En aquel ambiente de unanimismo del libre mercado y de endiosamiento de la iniciativa privada, Julio se atrevió a llevar la contraria y se consagró como una de las poquísimas voces críticas que señaló sin reparos las consecuencias indeseables del modelo económico y de la ética neoliberal. Se recuerda un discurso suyo en la Fiesta del PCE de 1996, cuando se atrevió a defender ideas consideradas en ese momento obsoletas o ridículas, pero que hoy son parte fundamental de la agenda de la izquierda en Europa y en todo el mundo.

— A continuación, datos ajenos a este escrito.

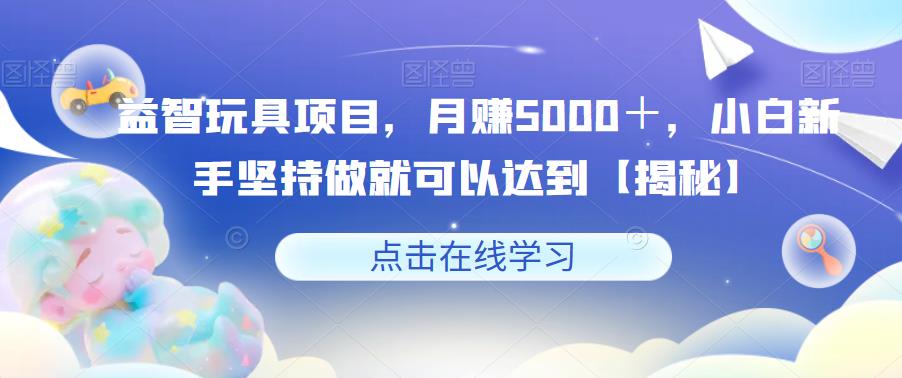 益智玩具项目，月赚5000＋，小白新手坚持做就可以达到【揭秘】天亦网独家提供-天亦资源网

Ante el neoliberalismo que empobrece a millones y arrebata la dignidad a las personas, Julio defendió la necesidad de recuperar el espíritu del Estado Social de Derecho. Ante la debilidad y la hipocresía de los socialdemócratas, llamó a la coherencia, a releer a los clásicos del marxismo y a luchar sin descanso por reivindicar los derechos de la clase trabajadora. Ante la precariedad democrática, llamó al ejercicio activo de la democracia a través de la movilización social. Ante la ideología del individualismo y la competitividad, llamó a la solidaridad, a la generosidad y al internacionalismo. Ante el embrutecimiento al que está sometida la gente, invitó a la educación, a la pedagogía y a comprender que los medios son medios, la palabra es el fin.

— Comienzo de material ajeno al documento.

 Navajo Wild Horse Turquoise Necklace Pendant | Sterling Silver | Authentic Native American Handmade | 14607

“Programa, programa, programa”
Como buen leninista, Julio fue un obsesivo de la unidad de las fuerzas de izquierda. No obstante, siempre insistió en que la unidad no debe ser una foto ni una coalición electoral momentánea, sino una construcción alrededor de un programa conjunto. “Programa, programa, programa” fue su consigna favorita. Rompió con los moldes de los esquemas tradicionales de organización dentro de la izquierda, saliéndose de la dicotomía “partido o movimiento” y proponiendo una nueva fórmula: el “movimiento-partido”, es decir, impulsar la más amplia convergencia de sectores, pero conservando la identidad de cada uno, ya que la unión no tiene que ser orgánica sino programática.
Durante su liderazgo, fue objeto de la más feroz campaña de desprestigio mediático que se haya conocido en la historia de España, más aún que la desatada recientemente contra Unidas Podemos. Irónicamente, su principal malqueriente no fue la prensa de derecha sino el grupo Prisa -supuestamente progresista- a través de sus principales medios: La cadena SER y el diario El País. Se dice que de aquella hostilidad proviene el recelo que existe aún entre los socialistas y los comunistas españoles.
Julio, en palabras de Alberto Garzón, no fue un político de este mundo, porque su mundo político no fue el de la demagogia y el insulto sino el de la deliberación respetuosa. Fue un convencido de que en política las formas importan. Su delicadeza, su argumentación impecable, su sobriedad, su humildad (detestaba las fotos con desconocidos) y sobre todo su coherencia le hicieron ganarse el respeto de rivales y amigos.
Que la tierra te sea leve, maestro. ¡Salud y República!